Gegen diese ihr am 20.12.1999 zugestellte Entscheidung wendet sich die Beklagte mit ihrer am 19.1.2000 bei Gericht eingegangenen Berufung. Auf ihren am 27.1.2000 eingegangen Antrag ist die Frist für die Berufungsbegründung bis zum 20.3.2000 verlängert worden. Die Beklagte hat ihr Rechtsmittel mit am 20.3.2000 eingegangenem Schriftsatz begründet. Sie trägt unter Bezugnahme auf ihr Vorbringen im ersten Rechtszug weiter vor:
1. Trotz der übereinstimmenden Erklärung vor dem LG am 24.11.1999, mit einer Sprungrevision einverstanden zu sein (Bl. 62), sei ihre Berufung zulässig (Bl. 90 f.).
2. Die Klägerin sei gehindert, von ihr einen auf § 430 BGB gestützten Ausgleichsanspruch geltend zu machen, da sie nach dem eindeutigen Wortlaut des § 117 SGB X, der sich lediglich auf § 116 Abs. 2 und Abs. 3 SGB X beziehe, nicht Gesamtgläubiger seien. Dies ergebe sich aus der auf S. 2–4 der Berufungsbegründungsschrift v. 17.3.2000 aufgezeigten Entstehungsgeschichte des § 117 SGB X (Bl. 91–93). Für eine entsprechende Anwendung des § 117 SGB X auf anders gelagerte Fälle sei wegen der klaren Regelung in dieser Vorschrift durch den Gesetzgeber kein Raum. Die zeitlich vorausgegangene Entscheidung des BGH v. 4.3.1986 (VersR 1986, 810) betreffe gerade einen in § 116 Abs. 2 und Abs. 3 SGB X geregelten Fall (Bl. 93 f.).

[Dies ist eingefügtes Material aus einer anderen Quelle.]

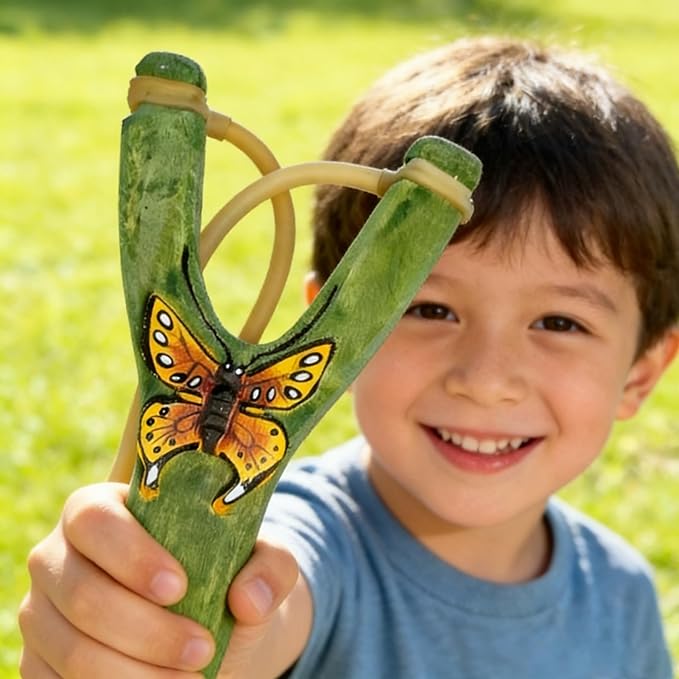 LANJAY Solid Wood Slingshot with Custom Engraving, Includes Clay Balls & Pompoms - Target Shooting & Outdoor Activity Toy for Kids & Adults, Ideal Children's Gift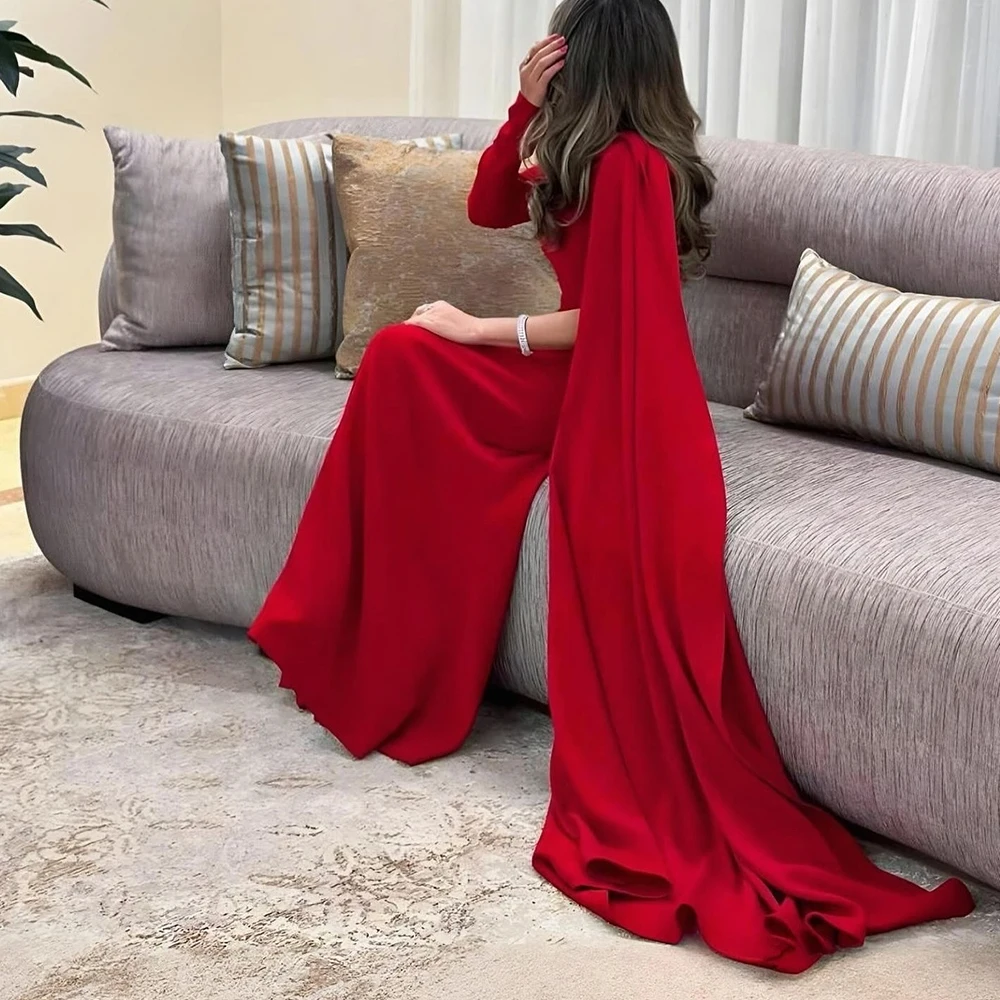 

Customized Jersey Straight One Shoulder Evening Dress O-neck Long Sleeves Floor Length Watteau Train Red Classic Party Gowns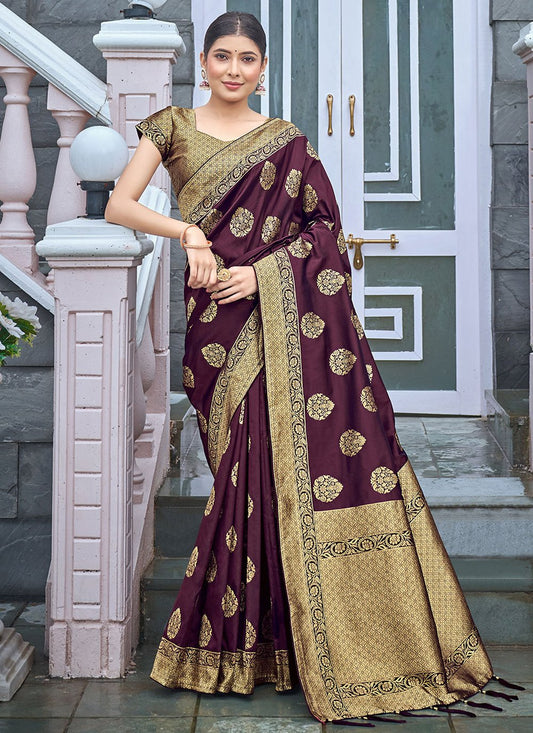 Contemporary Banarasi Silk Purple Weaving Saree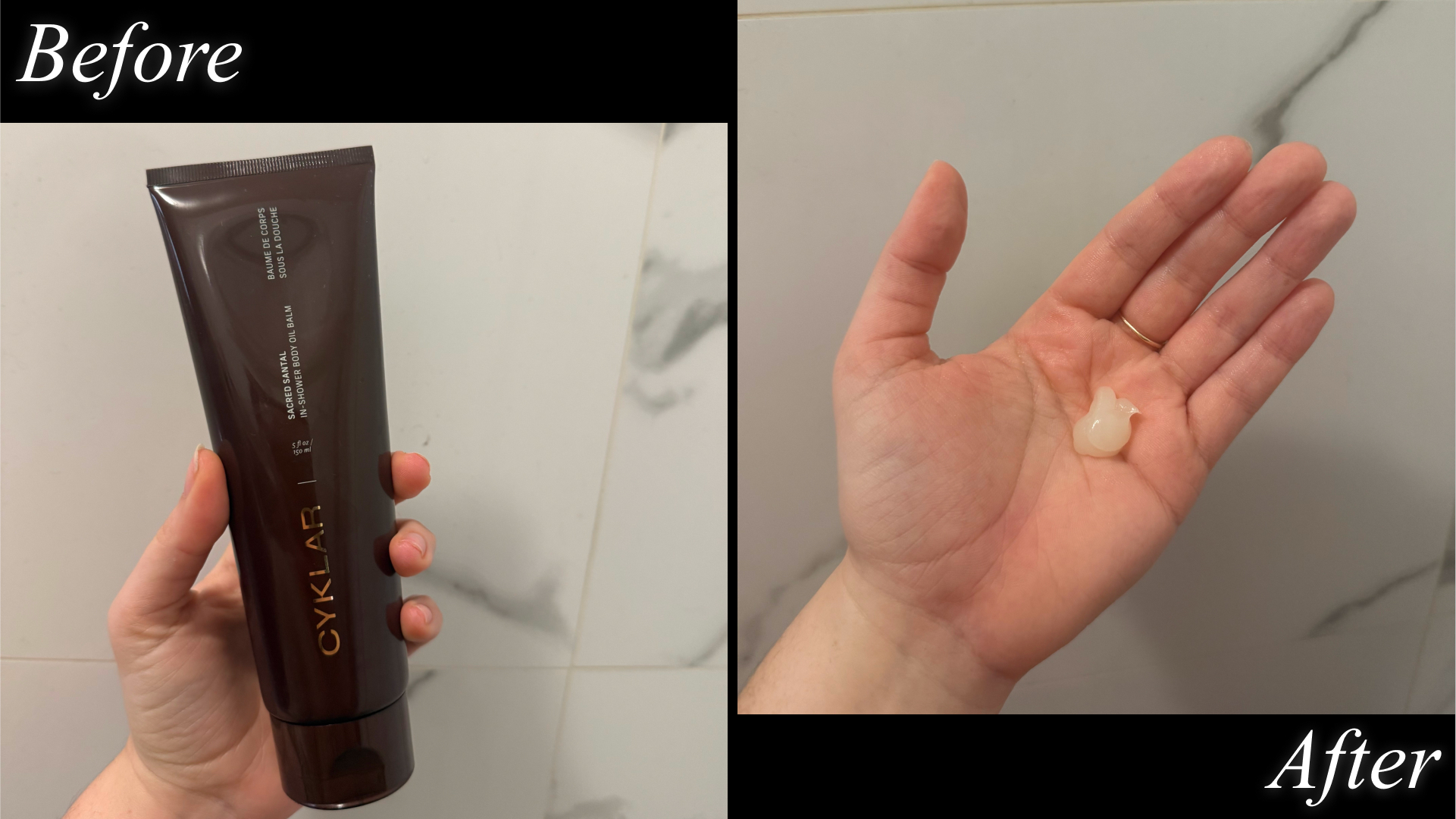 Split image of hand holding up cyklar in-shower body oil balm and hand with product in it on black background with &quot;before&quot; and &quot;after&quot; text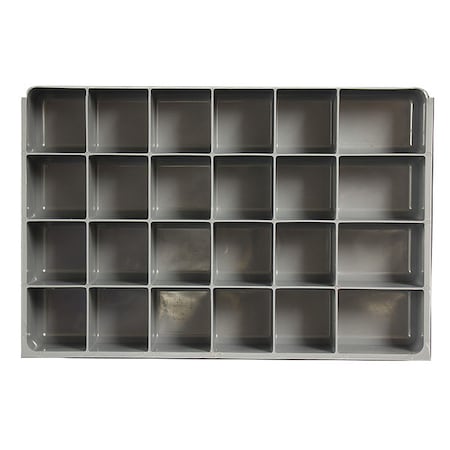 Compartment Drawer Insert with 24 compartments, Polypropylene, 2" H x 13-3/8 in W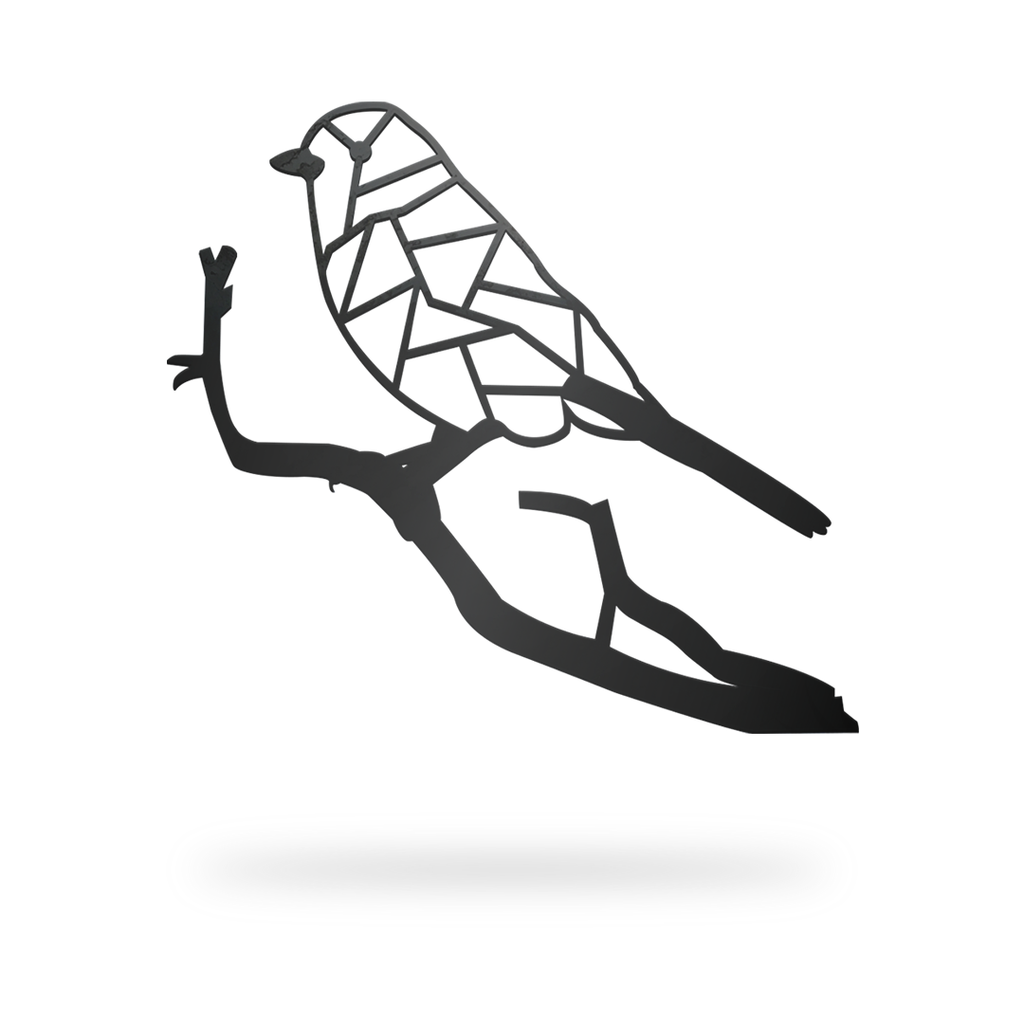 Geometric Love Bird Sign with black finish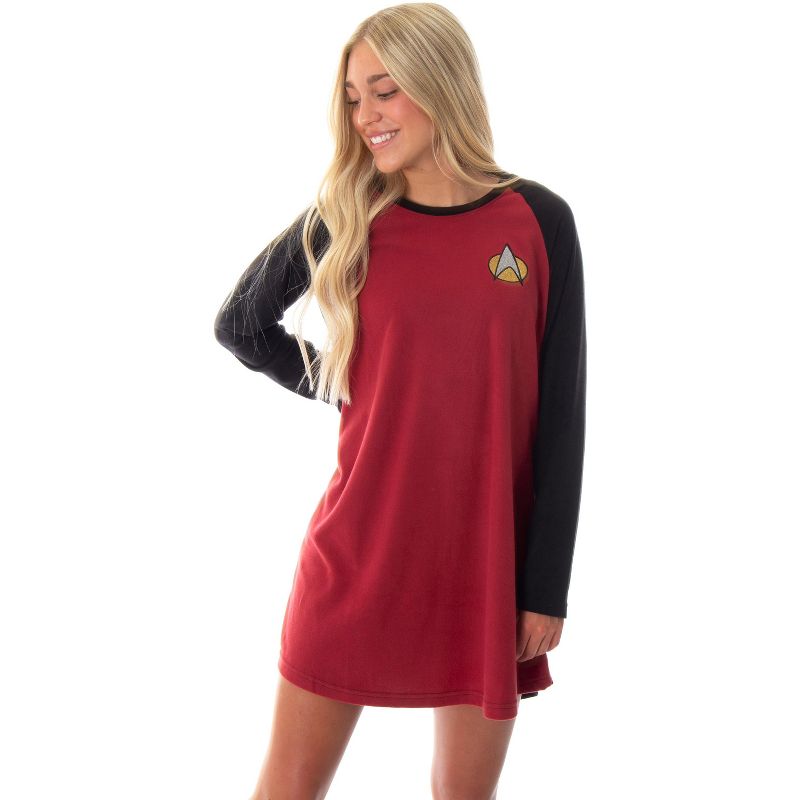 Star Trek Next Generation Women's Juniors Picard Raglan Nightgown Sleep Shirt, 5 of 7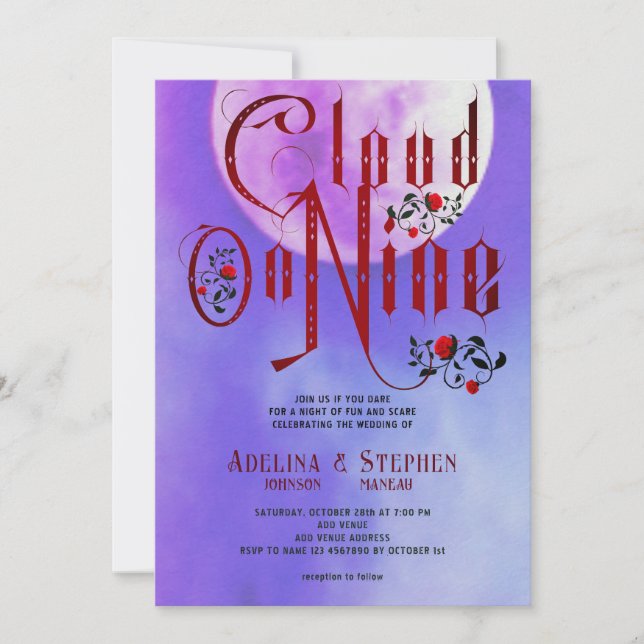 Halloween Gothic Script & Roses Cloud Nine Wedding Invitation (Front)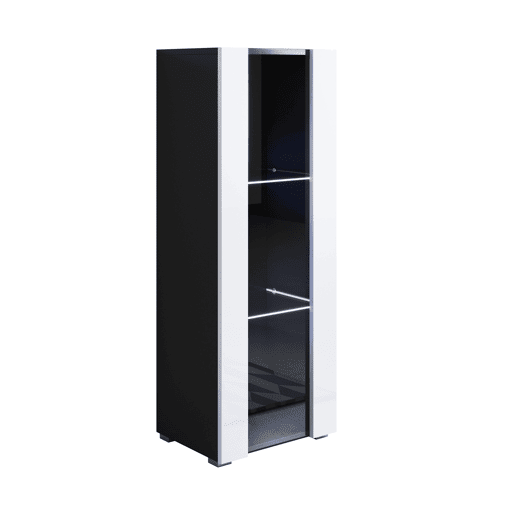Vitrine Sala de estar e jantar PretoBranco 40x29x128 1 porta LED Luke V2 Muebles Bonitos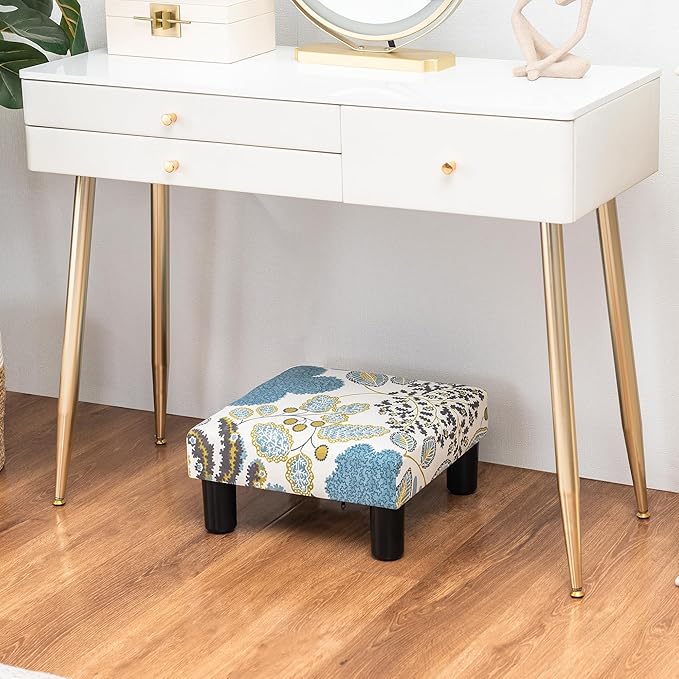 Joveco Small Foot Rest Stool Ottoman, Square Upholstered Fabric Footstool for Couch, Under Desk, Office, Living Room, Blue Floral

3. Davon abgesehen stehe der Klägerin die Klageforderung nicht zu. Denn sie, die Beklagte, habe unter Verwendung der von der Rechtsprechung und Literatur entwickelten Berechnungsformel zu Recht aus der von der Klägerin an die Verletzte F. gezahlten Verletztenrente von monatlich 1.803,70 DM einen Teilbetrag von 838 DM unberücksichtigt gelassen. Denn der Gesetzgeber habe in § 93 Abs. 2 S. 2 SGB VI ausdrücklich geregelt, dass im Rahmen der gesetzlichen Rentenversicherung die von der Berufsgenossenschaft nach einem Arbeitsunfall zu zahlende Verletztenrente sich einmal aus einem Teil zusammensetze, der die Lohnersatzfunktion betreffe, zum anderen den Ausgleich immaterieller Schäden diene, der der Höhe nach der Grundrente nach § 31 Bundesversorgungsgesetz (= BVG) entspreche. Dies ergebe sich aus der Entstehungsgeschichte, wie der BT-Drucks. 11/4124, S. 174 (wiedergegeben auf S. 6 der Berufungsbegründung, Bl. 95) zu entnehmen sei. Der Teil der Verletztenrente, der keine Lohnersatzfunktion zukomme, sei im Verhältnis zu dem vom Schädiger hier in vollem Umfang auszugleichenden Erwerbsschaden nicht kongruent. Hieran scheitere jeder Ausgleichsanspruch der Klägerin (Bl. 95–97).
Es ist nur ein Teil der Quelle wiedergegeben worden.